##### Source data

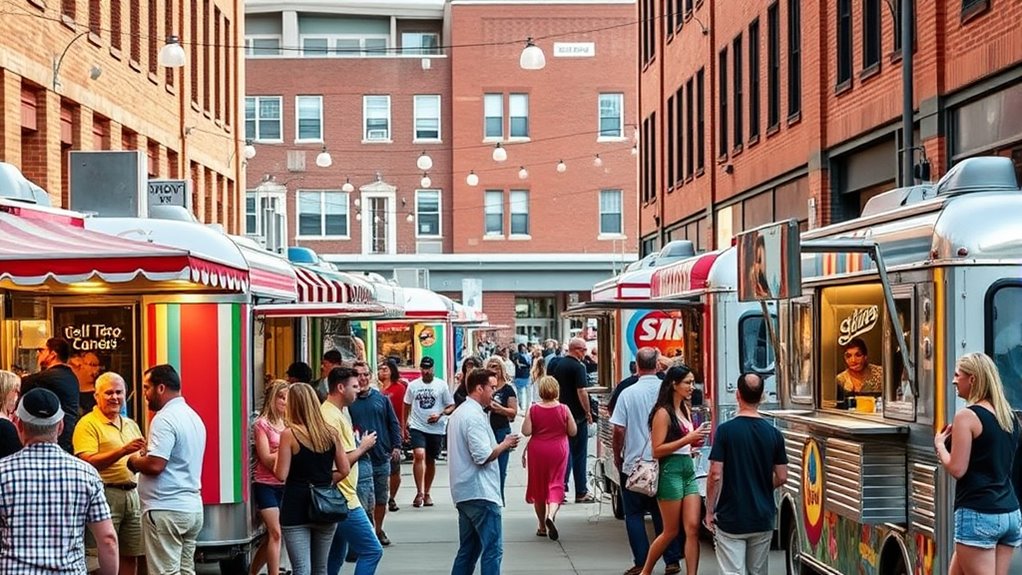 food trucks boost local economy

##########
##### Source data

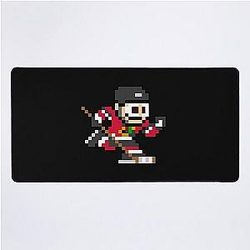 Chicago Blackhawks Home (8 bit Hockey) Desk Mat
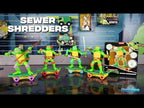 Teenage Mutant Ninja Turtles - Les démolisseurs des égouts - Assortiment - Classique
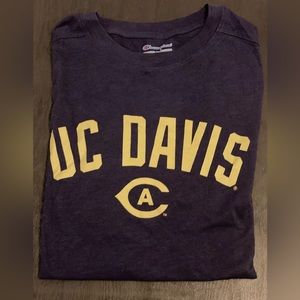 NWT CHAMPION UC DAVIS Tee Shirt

##########

_Problem statement_
Set the pictures aside and transcribe exactly the stretch of lines above, beginning with the one holding "Teenage Mutant Ninja" and ending with the one holding "NWT CHAMPION UC DAVIS Tee Shirt".

_Answer box_
 Teenage Mutant Ninja Turtles - Les démolisseurs des égouts - Assortiment - Classique
 NWT CHAMPION UC DAVIS Tee Shirt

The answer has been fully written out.